Some 15 million people in the war-torn country could benefit form an agreement signed with an international organisation.
Foundation tackles Afghan malnutrition
ABU DHABI // Another piece in the Khalifa Foundation's Afghanistan aid programme fell into place on Sunday with an agreement to help women and children with nutritional deficiencies, according to the state news agency, WAM. The Khalifa bin Zayed Al Nahyan Charity Foundation signed a deal with the Global Alliance for Improved Nutrition (GAIN), an international charity aimed at eradicating world malnutrition. The arrangement is expected to benefit 15 million people in the war-torn country.

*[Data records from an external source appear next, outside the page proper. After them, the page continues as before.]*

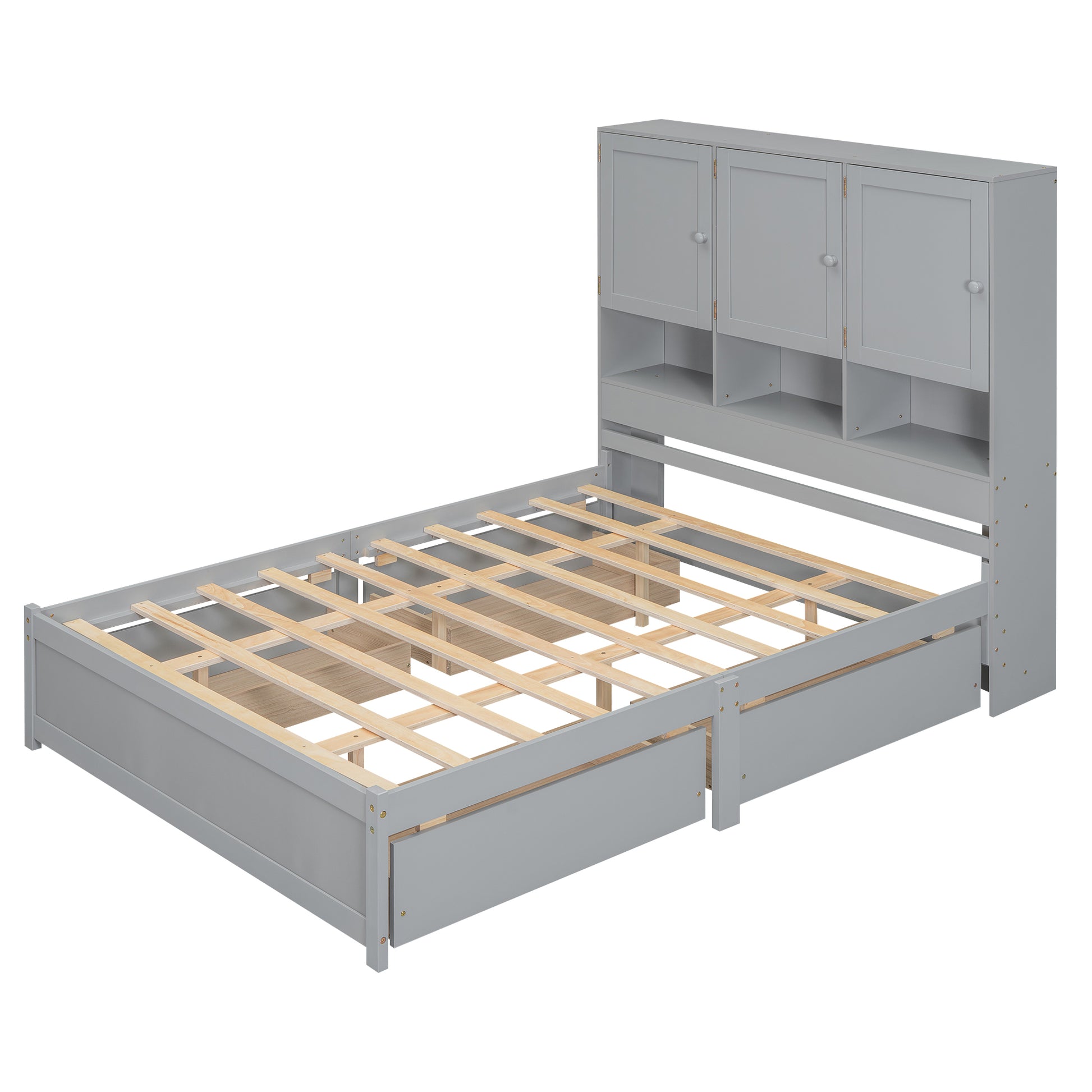 Queen Size Platform Bed With Storage Headboard And 4 Drawers, Gray Box Spring Not Required Queen Gray Wood Bedroom Bed Frame Solid Wood Mdf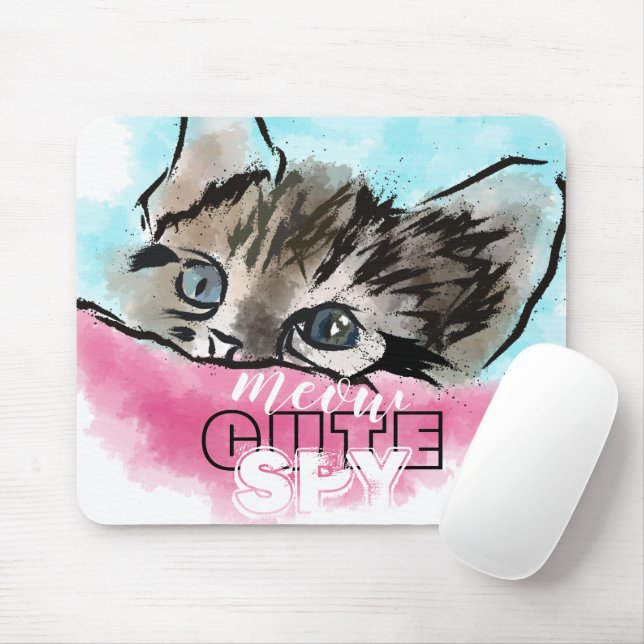 "CUTE SPY" | Funny Cute Kitten Pink Blue Mouse Pad (With Mouse)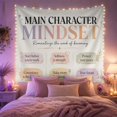 thumbnail image 2 of Main Character Mindset with Stars and Hearts, Inspirational Retro Style for Motivational Art Lovers, Positive Decor, Graduation Gift, Tapestry Wall Hanging for Bedroom and Dorm, 2 of 7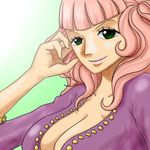  1girl breasts cleavage fishman_island hiramera hiramera_(one_piece) kyo_(pixiv2376063) large_breasts long_hair lowres mermaid monster_girl one_piece pink_hair solo 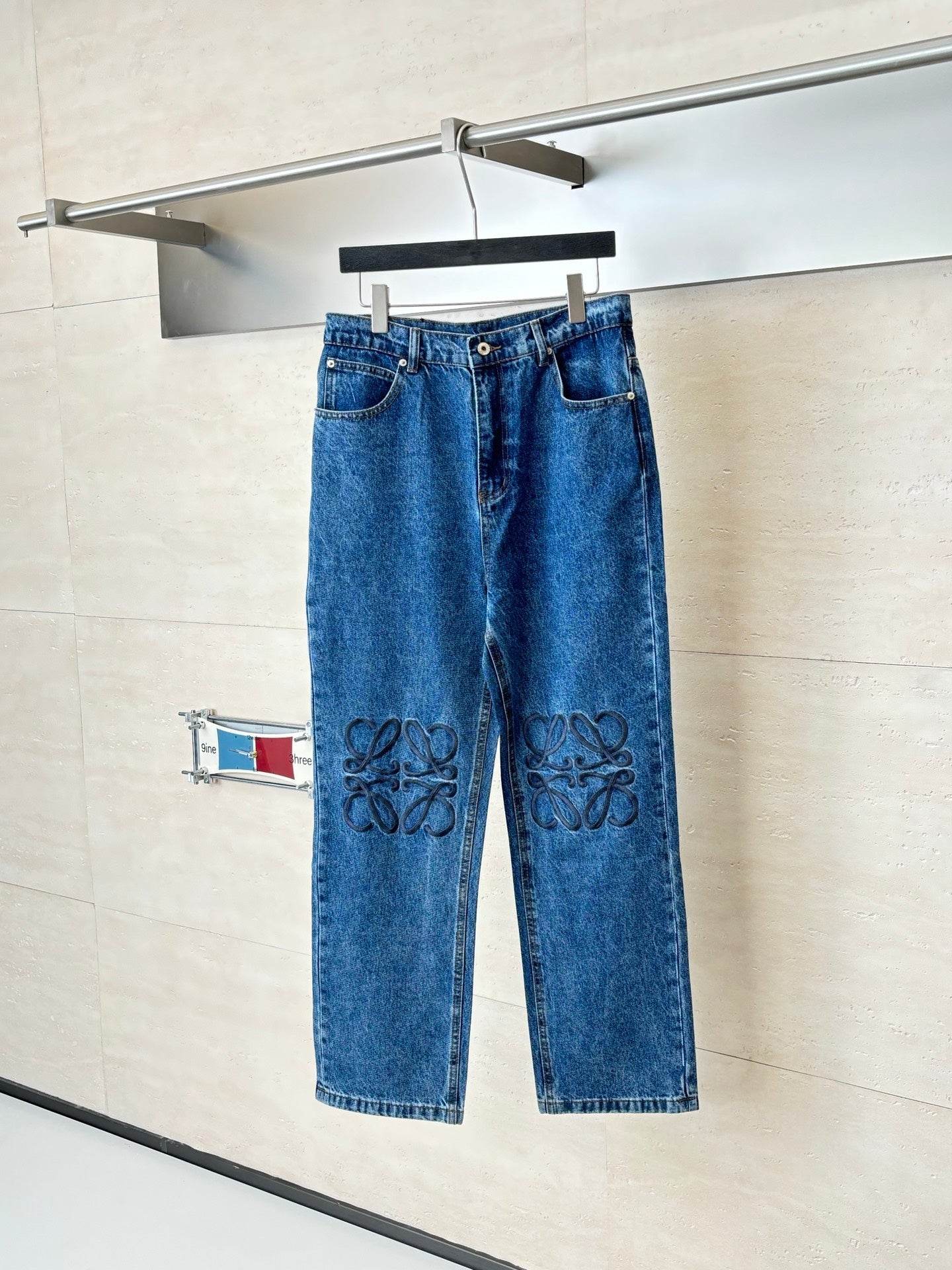 260701 High-quality new embroidered washed-aged denim long pants set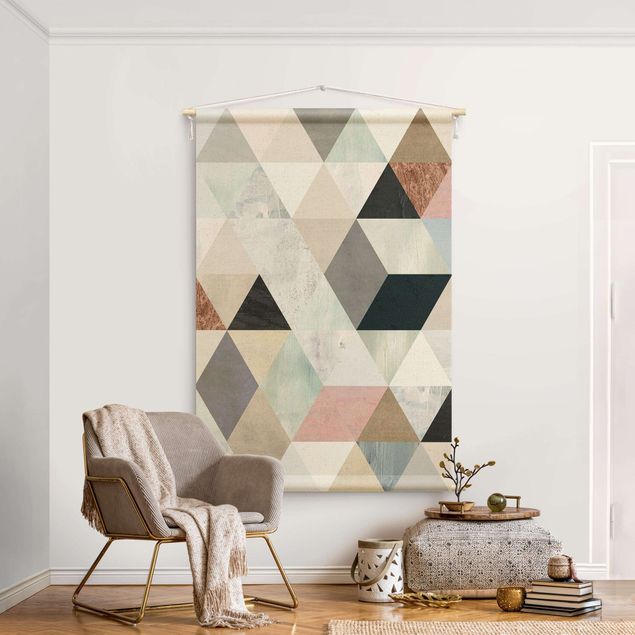 Wandteppich modern Aquarell-Mosaik mit Dreiecken I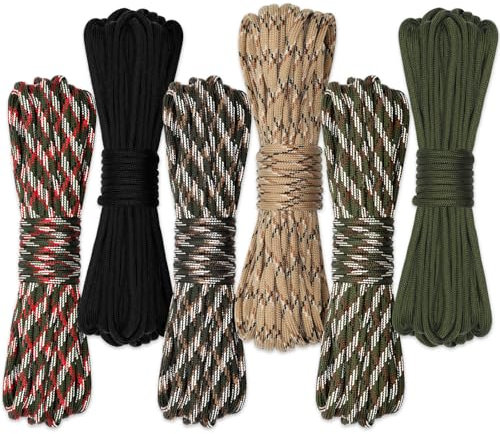 Votoko 6 Stück 33ft/10m Paracord 4mm, Paracord Schnüre 7 Kern-Strängen Nylon Seil, Reepschnur Hält bis zu 250kg/550LB, Ideal für Outdoor Survival Camping Basteln Armband Hunde-Leine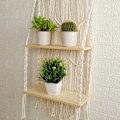 Miniatyrbillede 2 af 5: Makrame Væghængt Hylde Boho Træ Flydende Hylder Makrame Tapestry Rack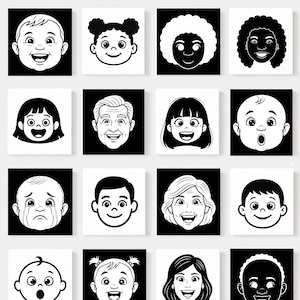 May include: A collection of sixteen black and white illustrations of smiling faces. The faces represent a diverse range of ages and ethnicities, including babies, children, and adults. Each face is set against a square background.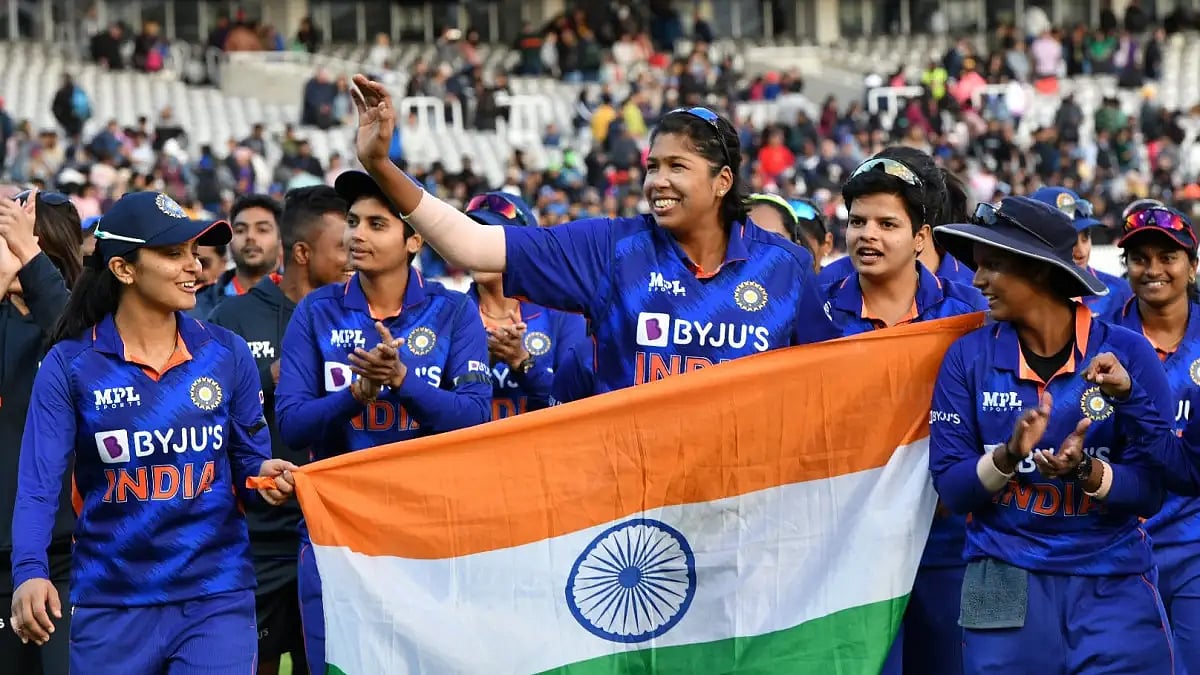 India celebrate their T20I series whitewash against England. 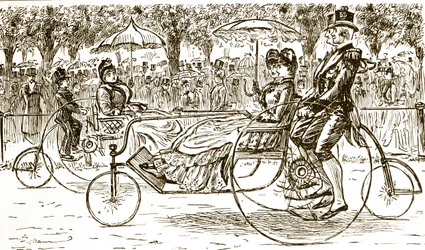 Une gravure représentant des passagers dans des carrioles à vélo. Illustré par George du Maurier (1834-1896) un caricaturiste et auteur franco-britannique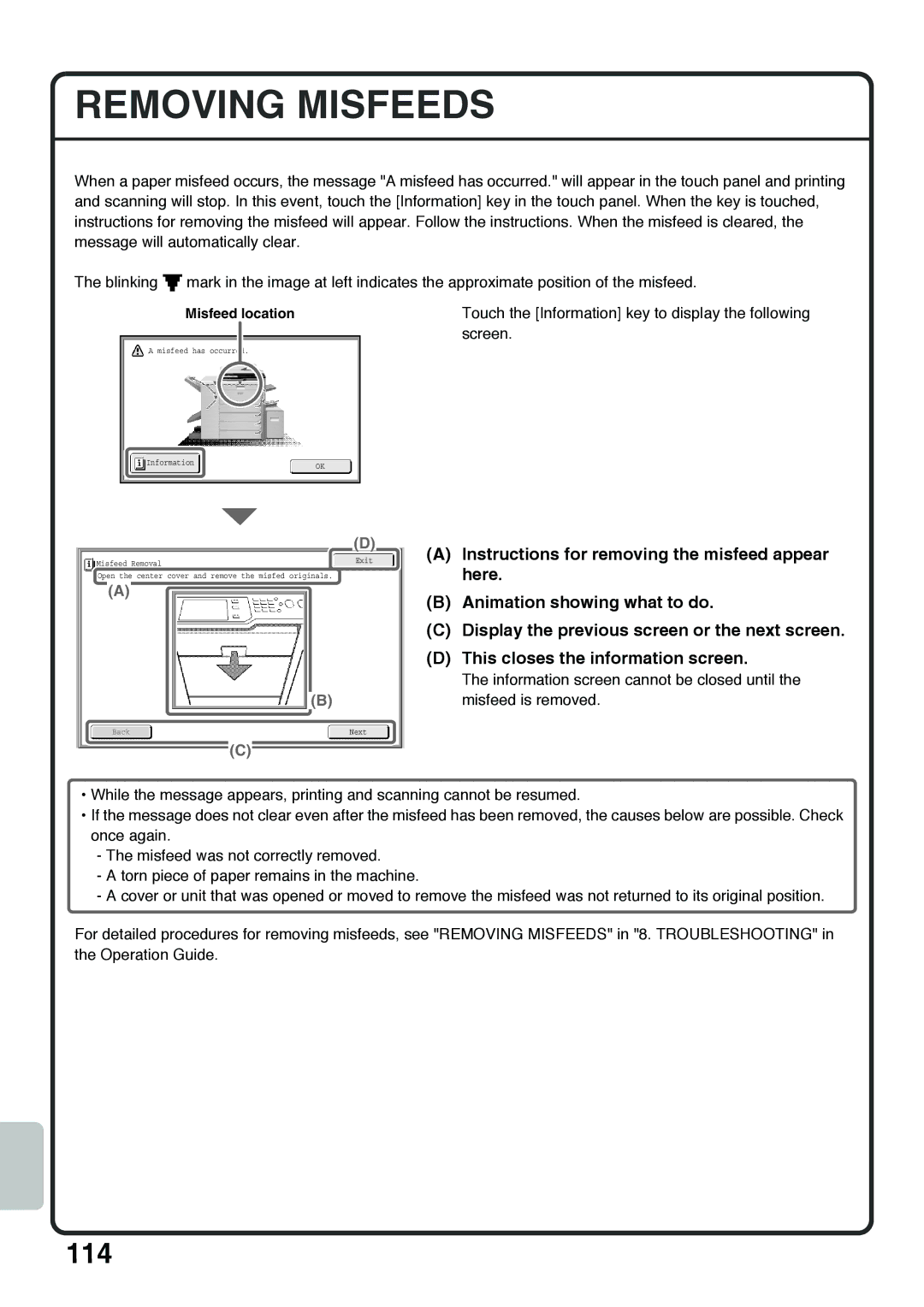 Sharp MX-4100N, MX-5000N, MX-4101N, MX-5001N quick start Removing Misfeeds, Misfeed location 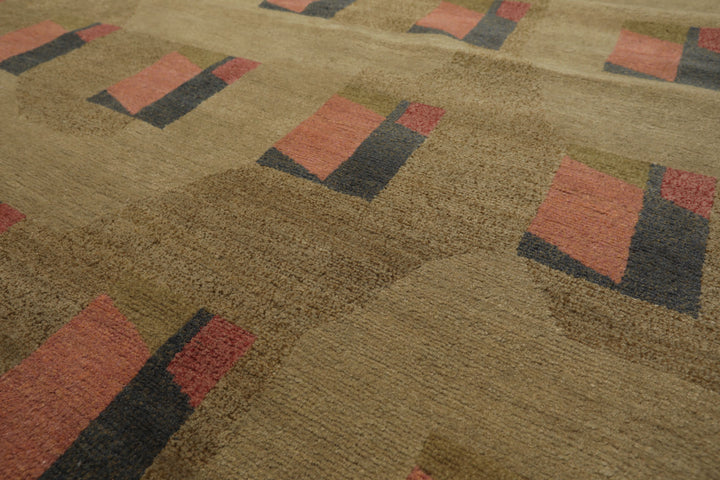 8x10 Moss, Blush, Gray Color Hand Knotted Tibetan Wool & Silk Modern & Contemporary Oriental Rug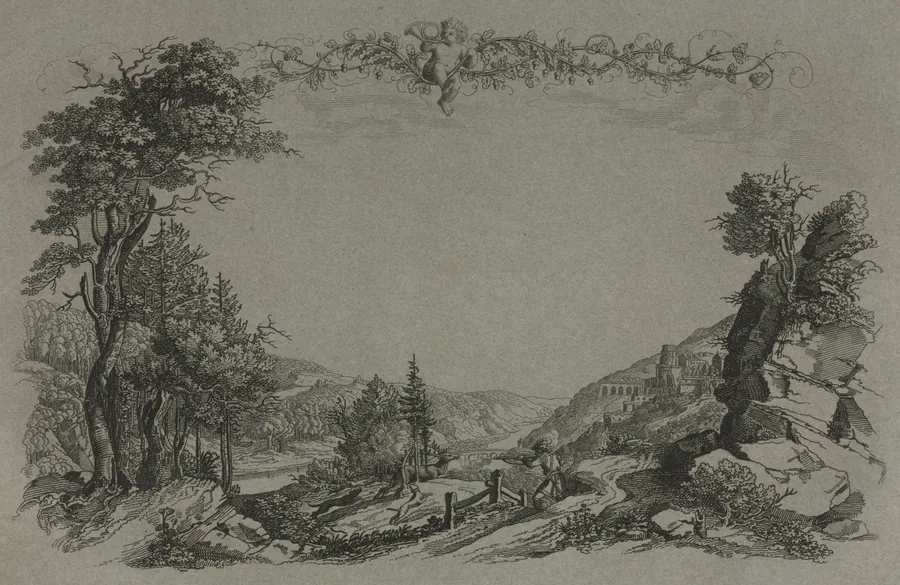 Six Views of Heidelberg Castle: Cover, Hunting Scene by Ernst Fries
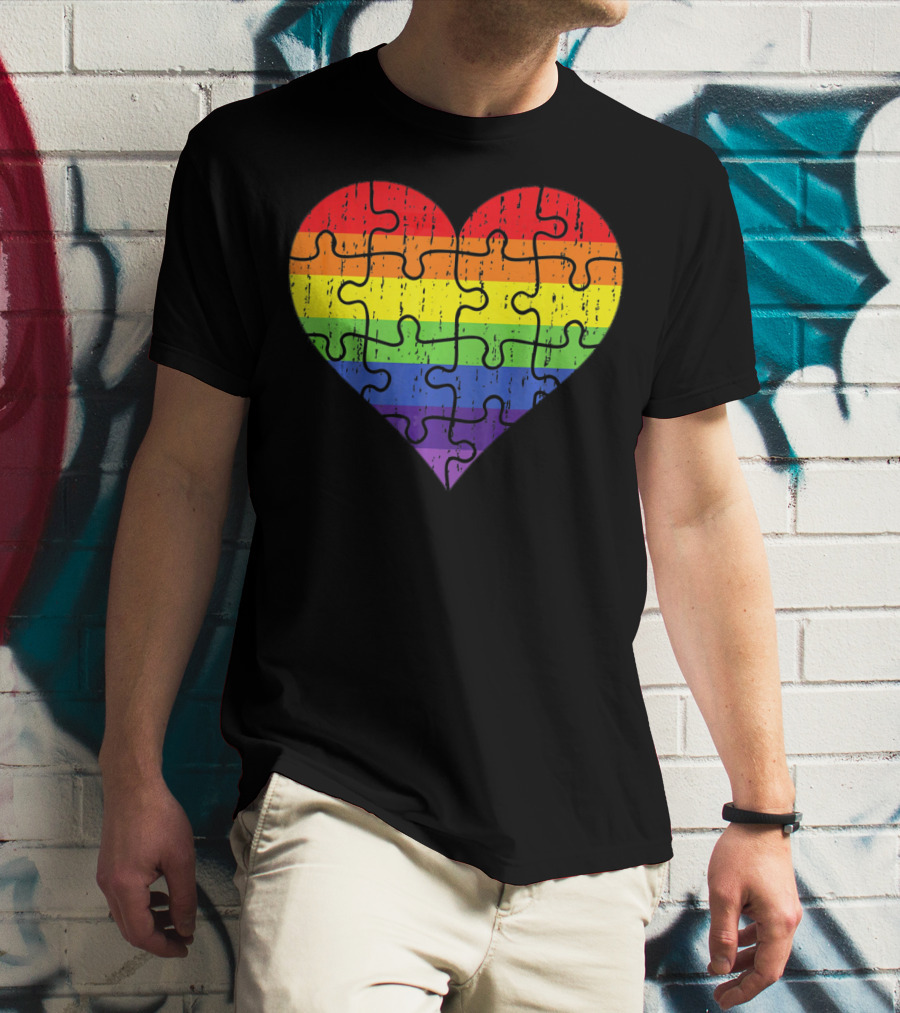 Autism Awareness Rainbow Puzzle Heart T-Shirt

The foundation's strategy for helping Afghanistan involves financing projects by five partner charities, each addressing a different area of need. Oxfam and Unicef are two of the groups, and Mohammed al Khoury, executive director of the foundation, said this month that similar accords with the World Food Programme and Save the Children were close. After Sunday's agreement he said: "If malnutrition is not tackled now, the country's economic, social and intellectual capacity will be compromised."
GAIN provides financial and technical support to local organisations, supporting the delivery of food and supplements to people most at risk. Sunday's agreement is the beginning of a three-year effort to increase consumption of wheat flour, vegetable oil, ghee and salt by children between six and 24 months old, and to work with local agencies to increase the nutritional value of these foods. A mix of essential vitamins and minerals will be added.
Marc Van Ameringen, the executive director of GAIN, said Afghanistan had the third-highest infant mortality rate (140 per 1,000 live births) in the world, after Sierra Leone and Angola, and was ranked second in the world for maternal mortality, with an average of 1,600 deaths for every 100,000 live births. Another goal of the project is to increase the amount of vitamins and minerals in people's daily diets, and to reduce disabilities related to insufficient nutrients by 30 per cent.